Defense attorneys for the city and the state were tight-lipped as they entered the courtroom on Wednesday. During the hearing, they argued the lawsuits are not valid, citing the state could not be held responsible because they were unaware of what was going on.
Melissa Mays, Flint water crisis activist, is a plaintiff in the lawsuits. She said she went to the hearing to hear how the city and state justified their actions, or lack thereof.
“We keep hearing things that we’re not poisoned. People saying it’s not as bad as you think. We had to be here to show that yes it is. We are the ones living through it so we need to be the people that are hurt,” Mays said.
Pitt is hoping the lawsuits move forward and his clients get what they are asking for – acknowledgment and resources.
“We’re looking at options that the people in Flint have to get the state of Michigan to resume the responsibilities to provide people with clean, safe water during the time the pipes are being replaced,” Pitt said.
Residents who are still reeling from the effects of the lead-tainted water say they will continue the fight for justice.
"Them trying to dismiss our case is absurd," said Ariana Hawk, Flint water activist.
Hawk's son was featured on the cover of Time Magazine back in 2016.
"The struggle has been so long. We have been poisoned. Our families are hurt," Hawk said.
She went to federal court on Wednesday to hear arguments by defense attorneys involved in a dozen consolidated class action lawsuits.
Todd Russell Perkins, defense attorney for former Flint emergency manager Darnell Earley, questions some of the arguments made by the residents of Flint - including those who say the crisis was racially motivated.
"The plaintiffs are saying because the black citizens in Flint were discriminated against, but you have a city that's 60/40 black/white. So there's some inconsistency there. So to say that just black people were discriminated against, some would say that everyone was discriminated against. But I'm not gonna go any further," Perkins said.
The plaintiffs said state and city attorneys are just trying to do whatever they can to pass the buck.

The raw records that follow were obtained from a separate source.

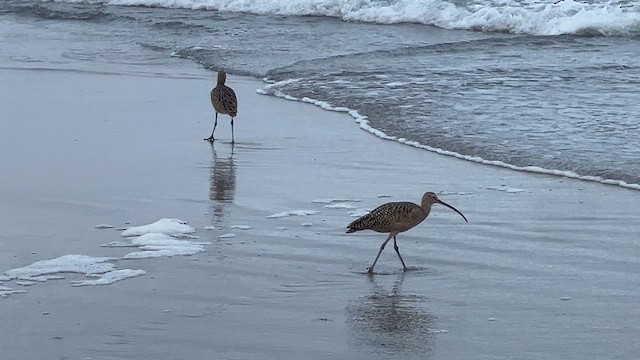 Long-billed Curlew - ML621844653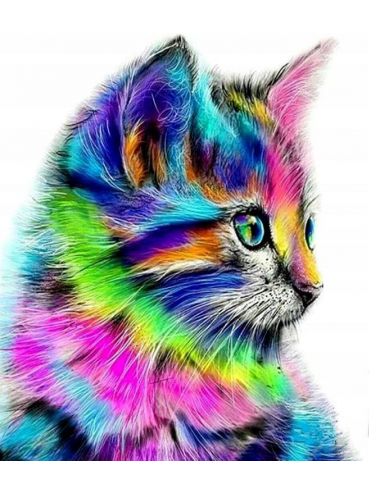 Mozaika Diamentowa 5D Haft Malowanie Kot Kolorowy Tęcza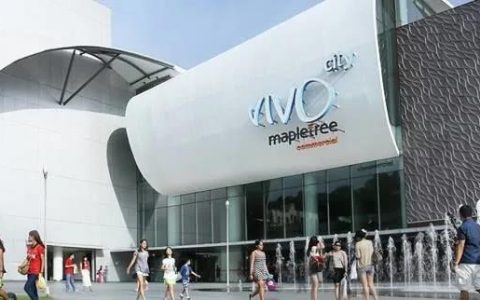其美云考察之VivoCity：新加坡最大购物中心有哪些秘籍？(新加坡最大的雕塑公司)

"On the other hand, lawyers have to be lawyers and they're going to make all these silly motions that they make in order to get their clients out from under the trouble that they're in," said Bill Goodman, attorney representing the putative class in Flint.
As for Hawk, she wants someone held accountable.
"At the end of the day, someone needs to be held accountable for what they did to these people," Hawk said.